Monday, Nov. 09, 1959
The PX Affair
Where U.S. troops encamp overseas for any length of time, two things often occur: coveted, cut-rate PX goods appear in the local black market, and the American boys find their way into the hearts of the local girls. South Korea, with its 50,000 G.I.s, is no exception: some $90,000 in U.S. goods vanishes monthly into Korea's flourishing black market, and in Korea no fewer than 575 Korean girls are wives of U.S. servicemen.
The Eighth Army's General Carter B. (for Bowie) Magruder apparently concluded that there was a connection between these two facts, and so, a fortnight ago in Seoul, he posted "new policies [that] restrict logistical support and various privileges to authorized dependents of personnel who are on a service-directed accompanied tour of 24 months." This was hard enough to understand even for people brought up in English.
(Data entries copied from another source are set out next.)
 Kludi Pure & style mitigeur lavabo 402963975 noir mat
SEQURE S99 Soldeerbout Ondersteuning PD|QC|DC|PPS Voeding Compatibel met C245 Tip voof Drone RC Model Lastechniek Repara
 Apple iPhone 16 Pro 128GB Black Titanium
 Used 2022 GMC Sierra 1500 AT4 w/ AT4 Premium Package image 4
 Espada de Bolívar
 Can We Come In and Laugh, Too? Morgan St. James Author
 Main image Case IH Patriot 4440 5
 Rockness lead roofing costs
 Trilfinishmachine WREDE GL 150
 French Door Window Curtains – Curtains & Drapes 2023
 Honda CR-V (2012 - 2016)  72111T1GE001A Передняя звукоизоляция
But Korean wives, most of whom are married to G.I.s serving standard, 13-month tours, soon got the idea: henceforth they were to be excluded from use of the PX. An Eighth Army spokesman was tactless enough to put the point intelligibly: "Some dependents have been abusing PX privileges through black-marketing"--and with that, the Korean wives were up in arms.
Nagging Wives. "Sure, we sometimes sell PX goods on the black market," admitted one. "But doesn't everybody?" Another Korean wife voiced what most of them believed was really behind it all: "The truth is that the American wives dislike us very much. They are race-conscious, and complain they have to stand alongside us for service at PX counters . . . Those who are married to high officers nagged away at their husbands to have something done about us."
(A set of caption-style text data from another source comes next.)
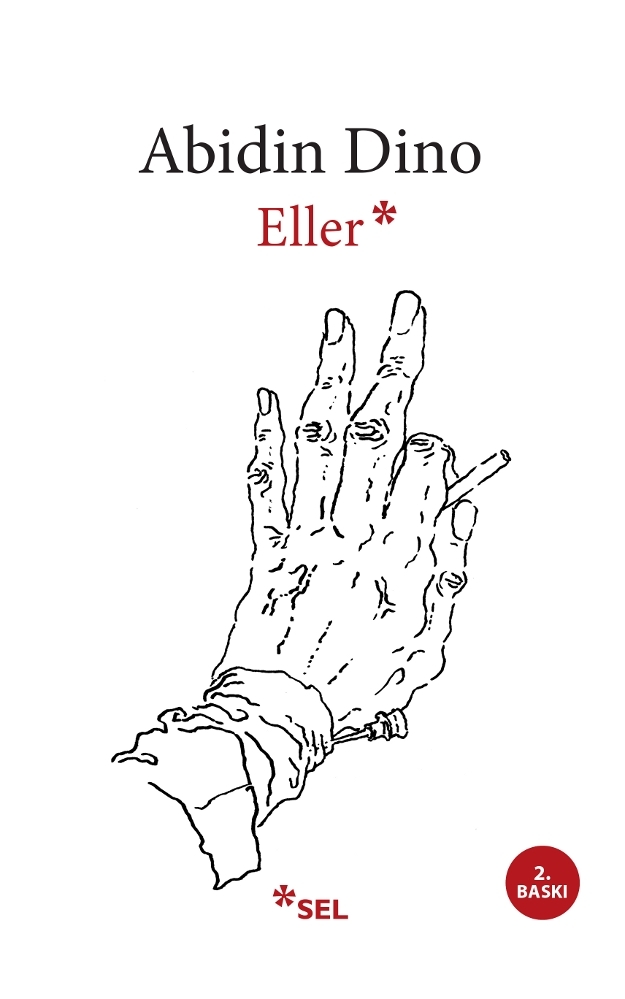 Eller book cover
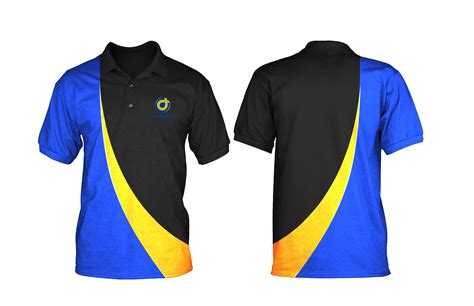 Desain Kaos Polo  Kumpulan Desain Seragam Kaos Jaket Polo Shirt Keren - Desain Kaos Polo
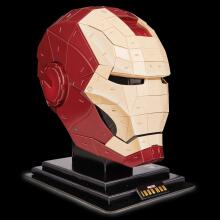 MARVEL 4D Puzzle Iron Man Helmet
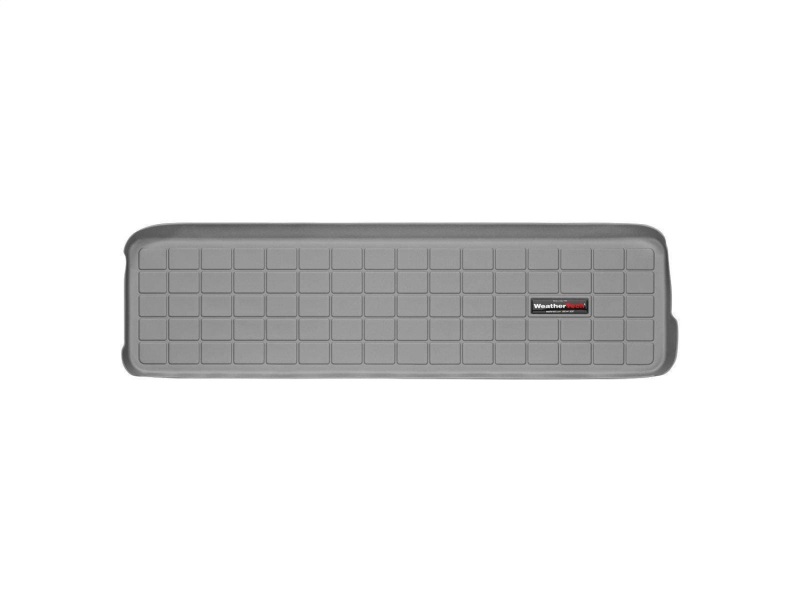 Picture of WeatherTech WT Cargo Liners-Grey Floor Mats - 42413
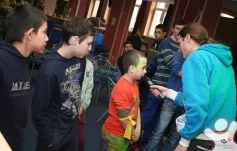 Den pro dětské domovy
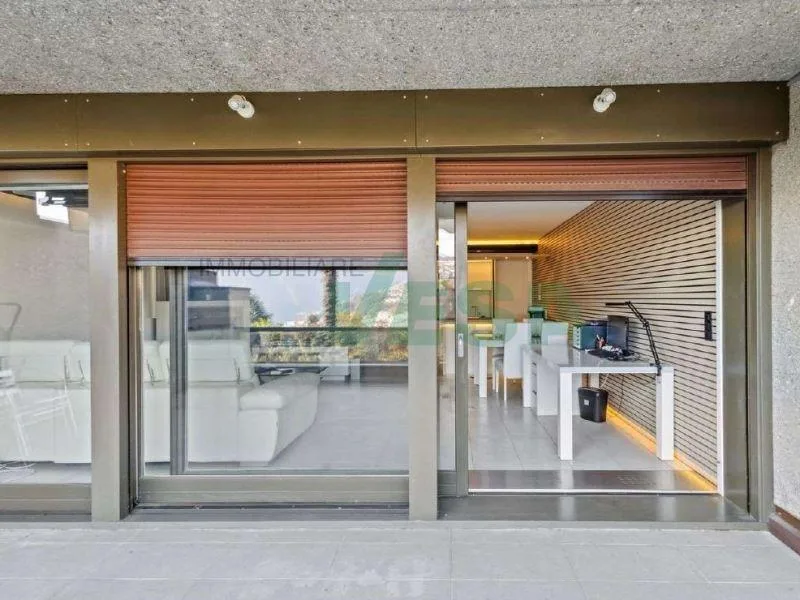 Moderno e luminoso appartamento 2 locali con splendida vista lago – photo 7 sur 21
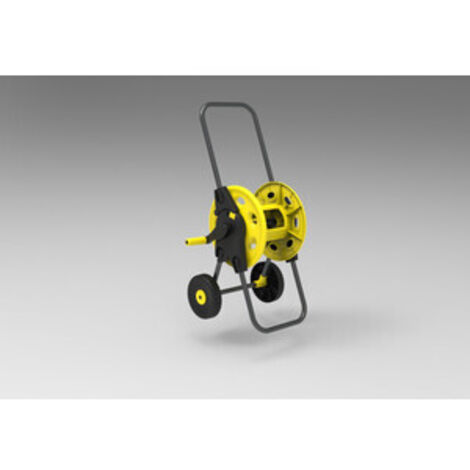 C CARRELLO AVVOLGITUBO 45 M- 1,0 pz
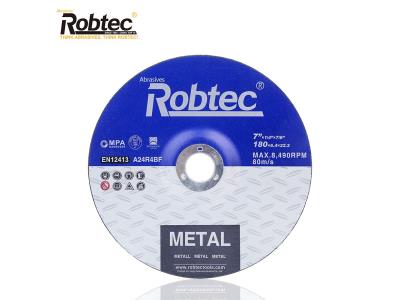 Import 7″ DPC grinding wheel for metal from chinese wholesale supplier and manufacturer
U.S. wives were quick to retort. Said one heatedly: "Some of those Korean marriages are just sordid commercial arrangements. Many G.I.s who marry Korean girls never attempt to have their wives follow them when they leave Korea. The marriage was just a black-market partnership in the first place." A PX official backed up part of her complaint: "I have seen a Korean wife walk out laden with packages--and be back within an hour to buy more."
Moral Support. But if, in fact, Korean wives often did take their purchases straight to the side streets of Seoul, Pusan and Taegu, which are lined with black markets whose vendors do not even bother to remove the PX labels from their wares, they were not the only source of supply. As one Korean put it: "Much of the stuff never gets to the PX in the first place. It goes straight to the black market from the warehouse." Sometimes it never even gets to the warehouse; last week a truckload of 84 cases of U.S. butter valued at $3,200 was hijacked from the Pusan pier, and melted away into other hands before MPs could catch up with it.
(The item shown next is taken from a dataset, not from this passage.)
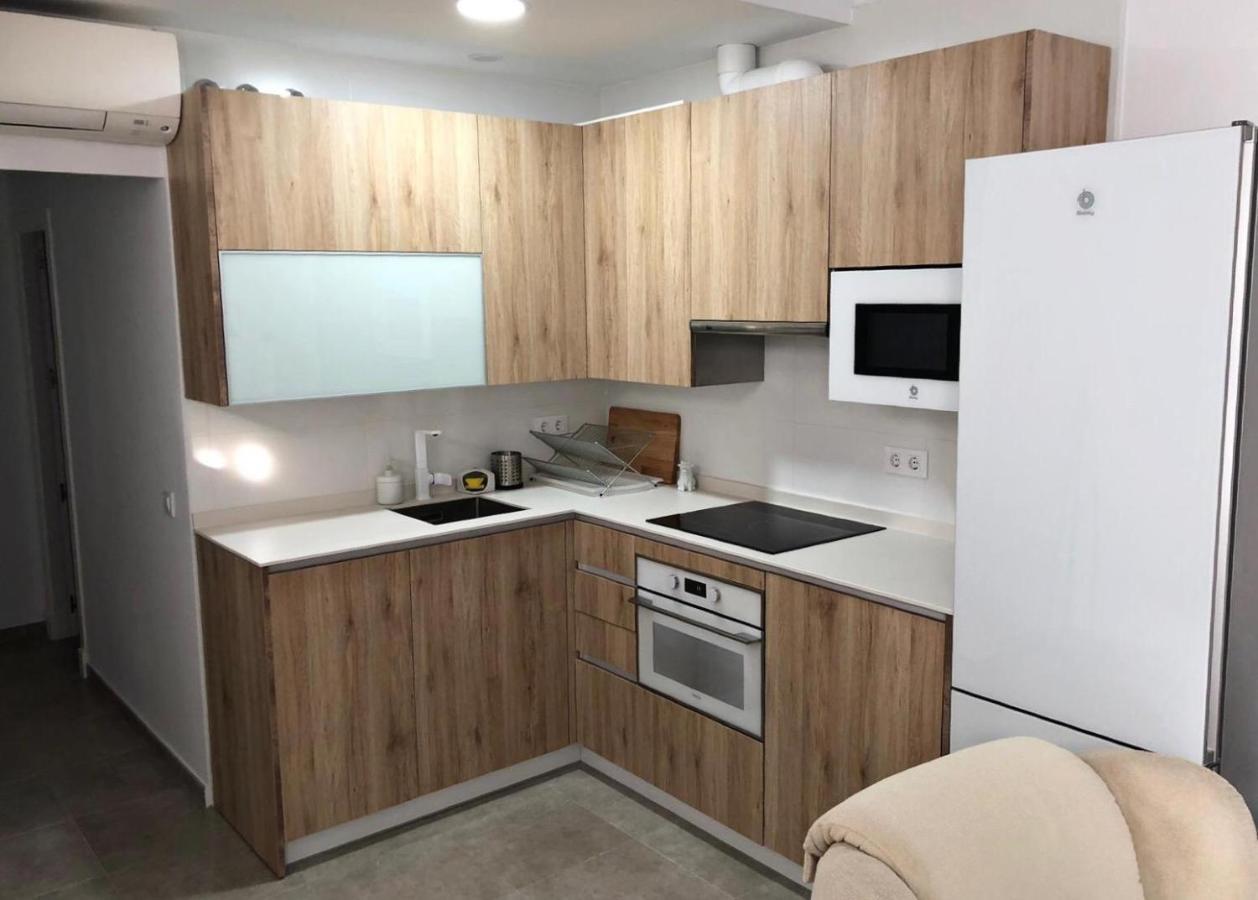 Apartamento Gran Teatro Falla-La Caleta Cadiz Ngoại thất bức ảnh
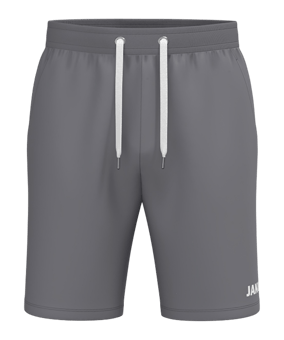JAKO One Short Kids Grau F825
The Korean G.I. brides, aroused at losing PX privileges, first scheduled a street demonstration, decided instead to send four of their number to the American embassy. Later they met with Eighth Army officials, all the while getting stout moral support from Syngman Rhee's government. Last week the Eighth Army beat a retreat, restored PX privileges to Korean wives "pending further study." "Had General Magruder not revoked the order," said Syngman Rhee's Korean Republic, "the naive would have believed, once again, that the Americans were here not as friends and partners, but as masters."